Le IXème sommet de la francophonie, qui se tient en terre libanaise à partir du 18 octobre, représente un enjeu important dans le contexte international actuel, de même qu’il porte en lui une charge symbolique exceptionnelle.

photoC’est d’abord un enjeu essentiel pour le Liban. Jamais votre pays n’avait accueilli une rencontre de cette ampleur. Ce sont en effet les 55 Etats et entités membres de l’Organisation internationale de la francophonie, appartenant aux cinq continents de la planète, qui seront représentés au sommet de Beyrouth, généralement au plus haut niveau, celui des présidents et des Premiers ministres. Le Liban, qui assume déjà la présidence de la Ligue arabe, héritera à cette occasion de celle de l’Organisation francophone. Il verra ainsi conforté et reconnu le rôle éminent qui lui revient sur la scène internationale. C’est naturellement pour la France, qui entretient des liens si privilégiés avec lui, un motif de grande satisfaction.
Cette rencontre représente, également, une étape importante dans le développement de l’Organisation francophone. Dans le prolongement des réformes engagées au sommet de Hanoi, en 1997, il permettra d’en renforcer encore la dimension politique. La francophonie institutionnelle sera ainsi mieux à même de poursuivre ses objectifs prioritaires que sont le développement de la concertation dans les enceintes internationales, l’enracinement de la démocratie, la promotion de la diversité culturelle et celle de nos valeurs communes. Elle encourage et soutient aussi l’éducation, à tous les niveaux, et la coopération économique et sociale au service du développement durable et de la solidarité.
Le sommet de Beyrouth, consacré opportunément au “dialogue des cultures”, apportera sur ce dernier plan une utile contribution.
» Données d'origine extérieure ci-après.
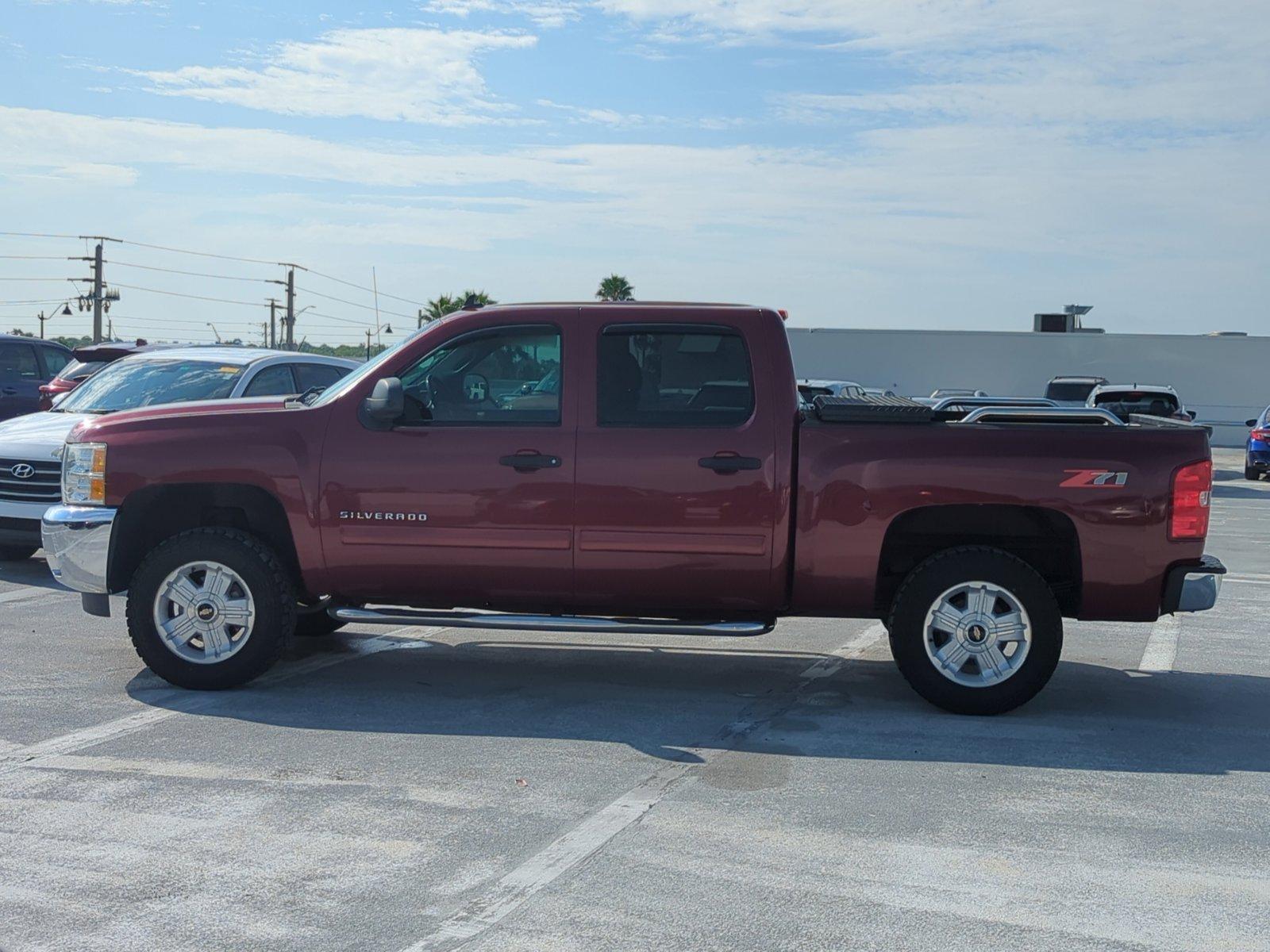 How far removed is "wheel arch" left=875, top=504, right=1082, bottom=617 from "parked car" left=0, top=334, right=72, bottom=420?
13.8m

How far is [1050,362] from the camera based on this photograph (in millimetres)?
41812

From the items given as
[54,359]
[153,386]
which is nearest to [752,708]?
[153,386]

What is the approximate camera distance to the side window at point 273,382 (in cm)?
1195

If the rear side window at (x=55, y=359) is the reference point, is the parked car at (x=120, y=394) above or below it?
below

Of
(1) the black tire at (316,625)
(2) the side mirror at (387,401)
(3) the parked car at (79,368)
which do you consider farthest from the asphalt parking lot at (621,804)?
(3) the parked car at (79,368)

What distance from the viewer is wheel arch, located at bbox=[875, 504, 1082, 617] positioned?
700 centimetres

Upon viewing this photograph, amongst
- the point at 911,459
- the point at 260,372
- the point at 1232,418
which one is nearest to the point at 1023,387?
the point at 1232,418

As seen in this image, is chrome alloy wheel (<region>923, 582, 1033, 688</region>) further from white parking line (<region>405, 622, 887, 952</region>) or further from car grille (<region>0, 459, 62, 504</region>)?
car grille (<region>0, 459, 62, 504</region>)

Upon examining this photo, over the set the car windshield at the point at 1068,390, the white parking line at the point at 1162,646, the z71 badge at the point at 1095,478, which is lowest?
the white parking line at the point at 1162,646

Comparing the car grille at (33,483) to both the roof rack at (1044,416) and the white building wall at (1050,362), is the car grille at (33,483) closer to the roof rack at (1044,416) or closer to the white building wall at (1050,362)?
the roof rack at (1044,416)

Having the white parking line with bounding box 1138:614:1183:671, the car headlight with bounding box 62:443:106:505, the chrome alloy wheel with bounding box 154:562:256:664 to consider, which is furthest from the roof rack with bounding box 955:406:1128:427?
the car headlight with bounding box 62:443:106:505

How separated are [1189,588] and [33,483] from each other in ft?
27.9

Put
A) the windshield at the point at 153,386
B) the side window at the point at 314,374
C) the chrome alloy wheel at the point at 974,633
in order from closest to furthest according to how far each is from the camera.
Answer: the chrome alloy wheel at the point at 974,633
the windshield at the point at 153,386
the side window at the point at 314,374

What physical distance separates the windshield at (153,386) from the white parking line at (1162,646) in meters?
7.38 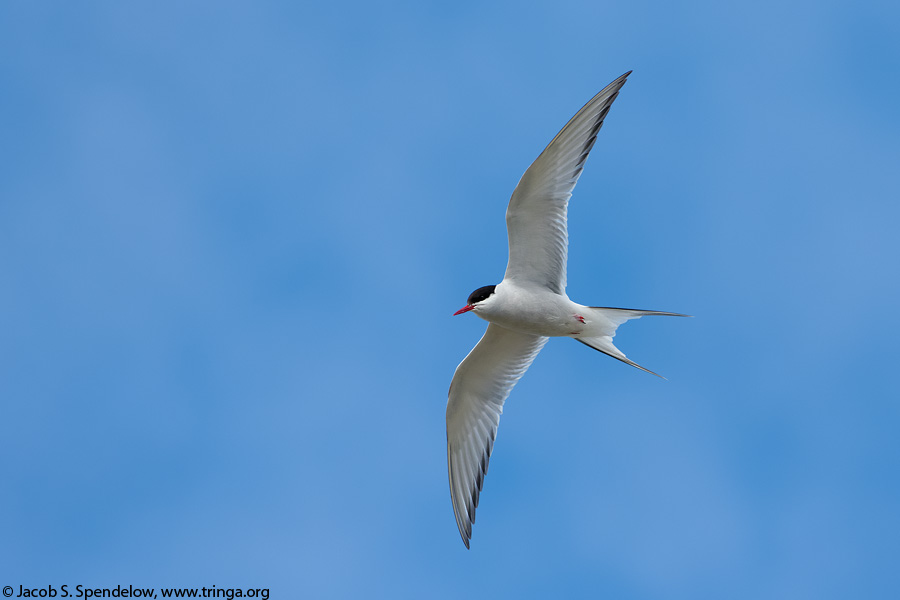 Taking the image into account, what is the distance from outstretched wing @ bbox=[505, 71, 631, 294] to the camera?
840 centimetres

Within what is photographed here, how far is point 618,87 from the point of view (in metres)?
8.33

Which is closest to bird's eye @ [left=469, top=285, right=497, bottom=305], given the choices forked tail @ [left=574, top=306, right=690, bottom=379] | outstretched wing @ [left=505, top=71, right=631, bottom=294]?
outstretched wing @ [left=505, top=71, right=631, bottom=294]

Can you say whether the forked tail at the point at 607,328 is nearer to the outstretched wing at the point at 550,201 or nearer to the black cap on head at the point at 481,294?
the outstretched wing at the point at 550,201

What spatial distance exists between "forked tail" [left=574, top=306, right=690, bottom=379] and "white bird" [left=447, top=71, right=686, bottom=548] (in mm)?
10

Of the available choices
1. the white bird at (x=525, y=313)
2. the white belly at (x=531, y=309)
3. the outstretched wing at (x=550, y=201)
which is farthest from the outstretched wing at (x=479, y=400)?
the outstretched wing at (x=550, y=201)

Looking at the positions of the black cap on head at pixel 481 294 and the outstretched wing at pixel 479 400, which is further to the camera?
the outstretched wing at pixel 479 400

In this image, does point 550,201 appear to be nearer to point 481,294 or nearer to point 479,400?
point 481,294

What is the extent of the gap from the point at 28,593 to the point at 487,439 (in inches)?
198

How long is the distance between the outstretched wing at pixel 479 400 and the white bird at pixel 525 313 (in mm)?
11

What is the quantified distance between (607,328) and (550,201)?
1521 millimetres

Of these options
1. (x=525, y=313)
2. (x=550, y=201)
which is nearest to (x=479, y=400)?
(x=525, y=313)

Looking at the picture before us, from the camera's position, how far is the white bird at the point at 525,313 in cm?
852

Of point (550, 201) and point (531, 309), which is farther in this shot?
point (531, 309)

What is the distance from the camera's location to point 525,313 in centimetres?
907
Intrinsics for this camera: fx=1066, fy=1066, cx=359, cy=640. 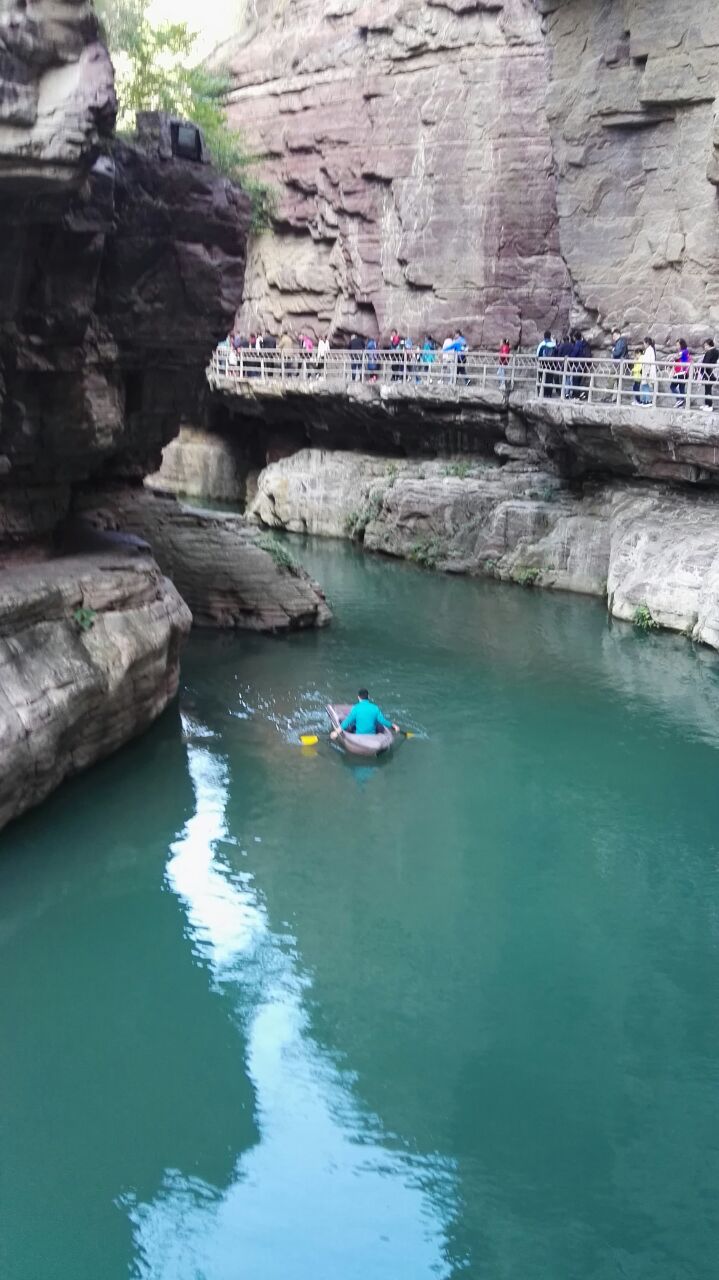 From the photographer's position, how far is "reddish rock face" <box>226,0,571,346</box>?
87.5 ft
Dans un pays qui a su reconstituer son unité après quinze années de conflits et qui, depuis des siècles, représente un pont entre l’Orient et l’Occident, l’Islam et la Chrétienté, cette rencontre sera emblématique des aspirations du monde francophone, et plus largement de la communauté internationale dans son ensemble, dans le contexte de l’après 11 septembre.
La France, qui sera représentée au sommet de Beyrouth par le président de la République, M. Jacques Chirac, est pleinement confiante dans la capacité du Liban à organiser parfaitement cette rencontre afin de servir les causes de la francophonie et de démontrer aussi sa vocation de pays d’accueil et de dialogue international.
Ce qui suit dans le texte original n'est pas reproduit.